Lehrer examines the science of creativity and where our creative ideas come from, how we confront mental blocks, and how we discover and share new insights and breakthroughs. As an artist, new ideas can sometimes come quickly and I find myself trying to capture on paper what's happening in my head as fast as I can. At other times, I can feel very "un-creative," as if there's a roadblock preventing the free flow of ideas. Fortunately, as of late, I've had a lot of new ideas for both products and designs popping into my head. After spending so much time on the business-side of things in preparation for the National Stationery Show, it's been a welcome change to devote more time to drawing, doodling, brainstorming, researching, etc. My favorite quote in the book comes from graphic designer Milton Glaser (known for coming up with the iconic "I Heart NY" campaign). Glaser says:
"There's no such thing as a creative type. As if creative people can just show up and make stuff. As if it were that easy. I think people need to be reminded that creativity is a verb, a very time-consuming verb. It's about taking an idea in your head, and transforming that idea into something real. And that's always going to be a long and difficult process. If you're doing it right, it's going to feel like work."

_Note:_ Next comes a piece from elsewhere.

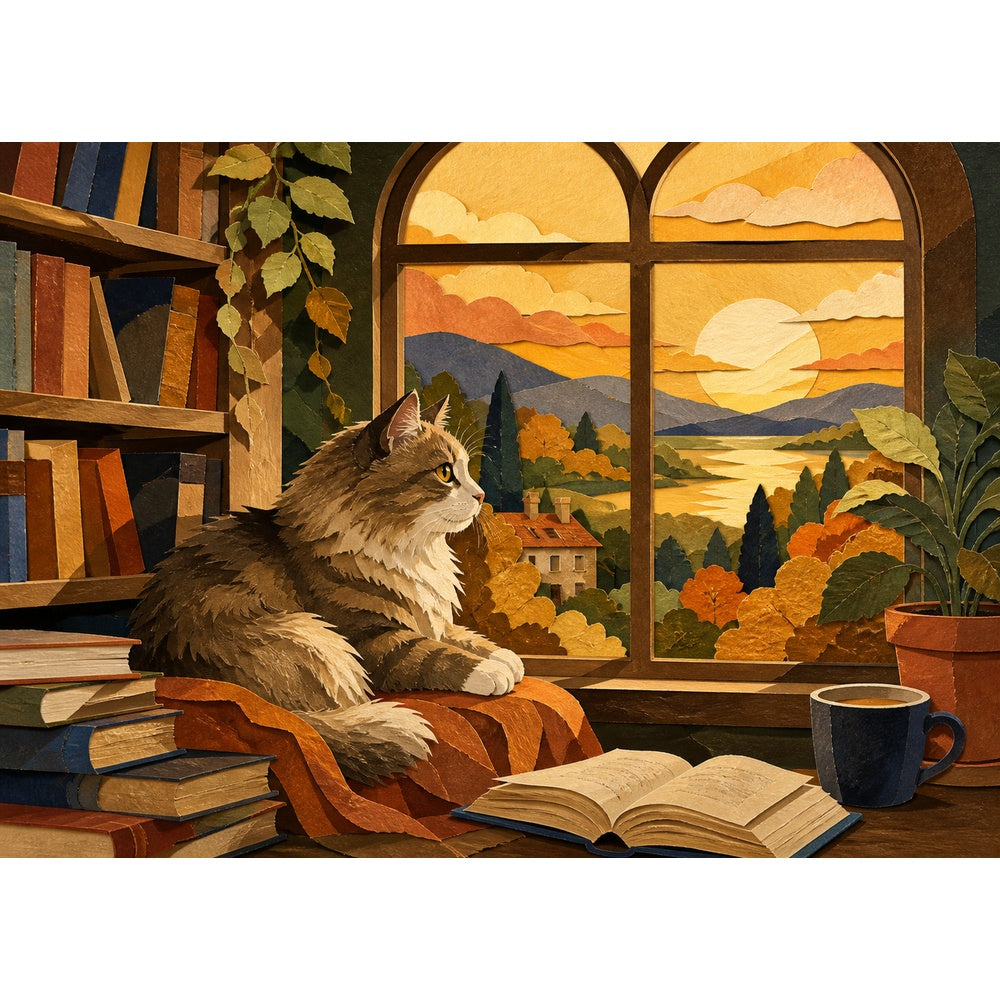 Golden-Hour Library Cat Landscape Puzzle - puzzle artwork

After finishing Lehrer's book, I stumbled across two items on the web related to creativity. First, The Design Trust's article on boosting your creative thinking gives brief but important tips for getting creative as well as ideas for creatively thinking about you run your business. Then, I saw this short motion graphic video from the 99% Conference comprised of short quotes from well-known thought leaders about the importance of hard work, goal setting, and overcoming obstacles. All three of these pieces have really inspired me to think more about the creative process in general and my own process in particular.